08/30/2013 01:52 pm ET | Updated Oct 30, 2013

An Important "What If" of the NASDAQ Flash Freeze

There was a collective holding of breath on Thursday when the NASDAQ suddenly shut down trading. Terse reports and statements that "technical problems" caused the halt raised the specter of an information technology meltdown or--worse yet--a deliberate, malicious event. Fortunately, as the day wore on trading resumed and at least, for now, it does not appear that the "flash freeze" was due to a cyber-attack. As the gaming of the event along with the forensic analyses moves ahead, however, it is worth contemplating some questions that would be asked if in fact the flash freeze was the result of a cyber-attack.

Let us assume for a moment, and just for purposes of this blog, that the flash freeze was in fact the result of a cyber-attack. An important question to ask ourselves is whether it matters "who" conducted the attack. On the one hand, as the cyber-attack is occurring determining the responsible is irrelevant.

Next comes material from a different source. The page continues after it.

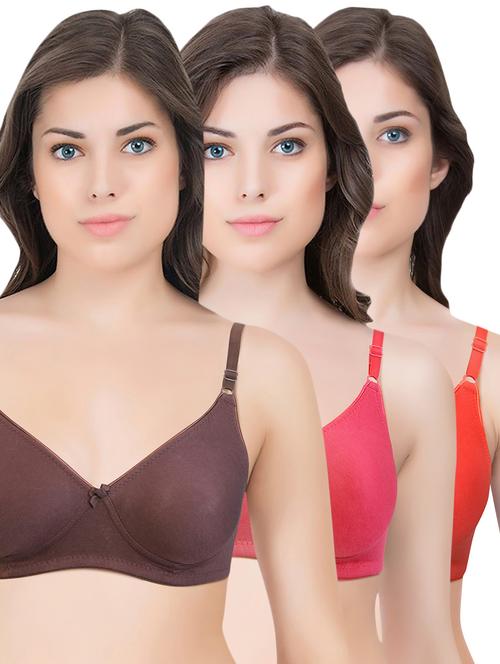 set of 3 multi colored cotton bra - 14899497 - Standard Image - 1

The job of the victim is to try and contain the attack as quickly as possible and mitigate or repair any damage done.

On the other hand, however, attribution is absolutely critical in reviewing the foreseeability of the attack and whether the victim could have done more to mitigate, much less stop it. I want to highlight one issue in particular: what if the attacker happened to be nation-state or one of its agents? Imagine instead of an "Anonymous" type event or even organized criminal activity, the flash freeze was conducted by Iranian agents or paramilitary groups actively supported by Iran.

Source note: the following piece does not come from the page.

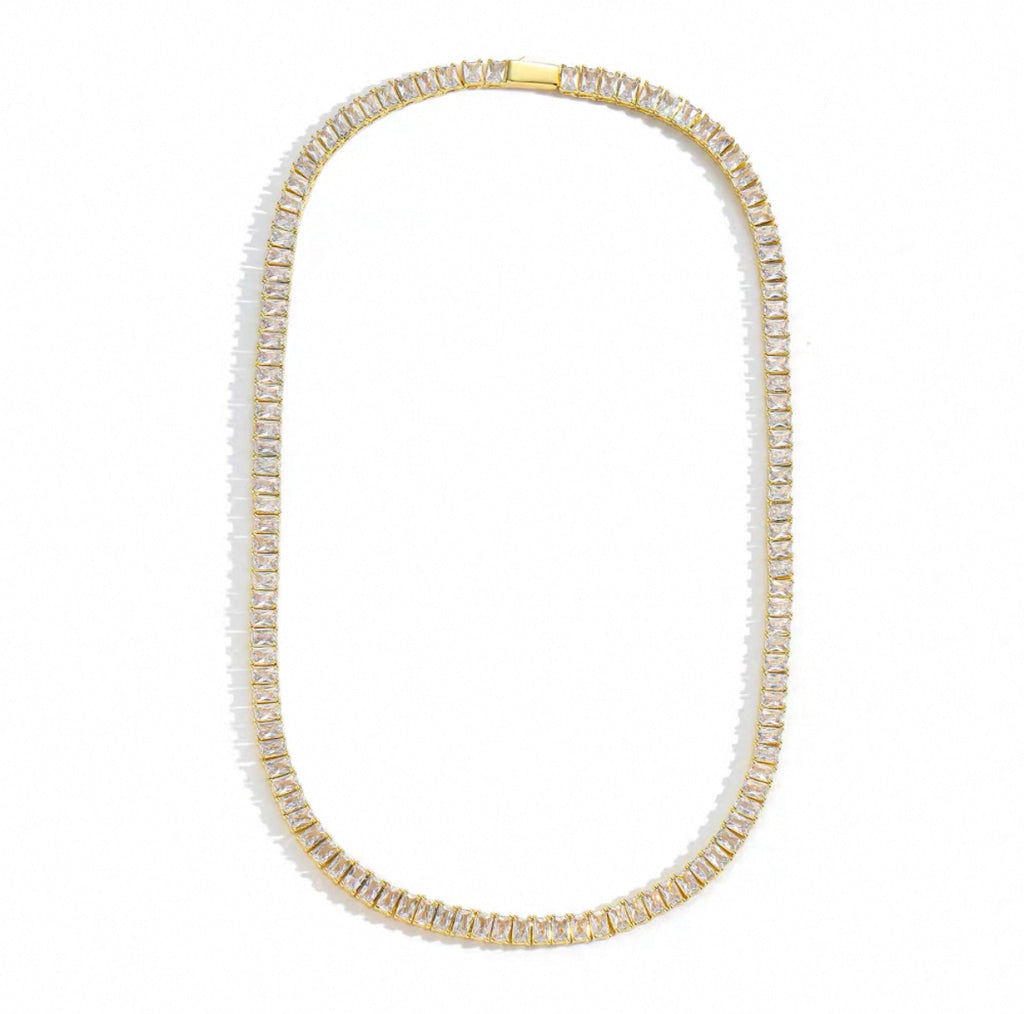 【Ice57】Baguette Tennis Chain Necklace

In my view, a state sponsor of the attack would be a game-changer. First and foremost, it should alter expectations as to who would be responsible for responding to the attack. Obviously NASDAQ needs to maintain robust cyber-defenses. However when you start talking about defending against much less repelling an attack from a nation-state, there is a limit as to what a private entity can do to defend itself. A country utilizing military and intelligence resources to design, develop, and implement a cyber-attack poses an entirely different level of threat than individuals or even sophisticated criminals.

Simply put, asking a private entity to stop a deliberate attack from a technologically sophisticated adversarial nation is unrealistic. Private sector companies have access to some very sophisticated cybersecurity technologies and crack cybersecurity service firms, but at the end at the day, they do not have the resources much less the intelligence network to stay abreast of threats from nation-states. So, I would argue that if the flash freeze was the result of an attack from another country, we would do well to hold our tongues a bit when launching criticism at a victim like NASDAQ.

For some reason this concept is lost on a lot of people, but it should be fairly apparent. If an attack occurred in the "physical" realm, there would be no question about this issue. No one would be pointing fingers at NASDAQ or other cyber victims if the Iranian military launched an air attack on its facilities or stormed the trading floor. Even the most ardent cyber regulation advocates wouldn't argue that the NASDAQ was at fault for not having surface to air missile batteries or fortress-like defenses deployed at its buildings. Instead, and rightfully, questions would be directed at the U.S. government.

In the case of the "flash freeze", thankfully we are exploring a hypothetical question. Still, it is an important one to consider and remember should the day come when the United States suffers a deliberate attack from a foreign adversary. Frankly, it is not hard to imagine that such an attack would occur. If, for instance, we were to bomb military targets in Syria or Iran, even if such attacks were done as part of an international consensus and thus viewed as the "right" thing to do, it is entirely reasonable to assume that those countries would lash out in any way they could, including through electronic means.

Now, to be fair, I'm ignoring some pretty thorny issues like how would one determine that the attack came from and was authorized by a foreign enemy and, of course, how could the U.S. government go about thwarting or responding to the attack. We are already embroiled in a significant civil liberty and privacy debate about monitoring communications traffic to identify terrorist attacks, and those same debates color the actions that have to be taken to counter a military cyber-attack. But I will save that for another day, and end by noting that we have to get ourselves in a mindset of not immediately blaming the victim when a cyber-attack happens.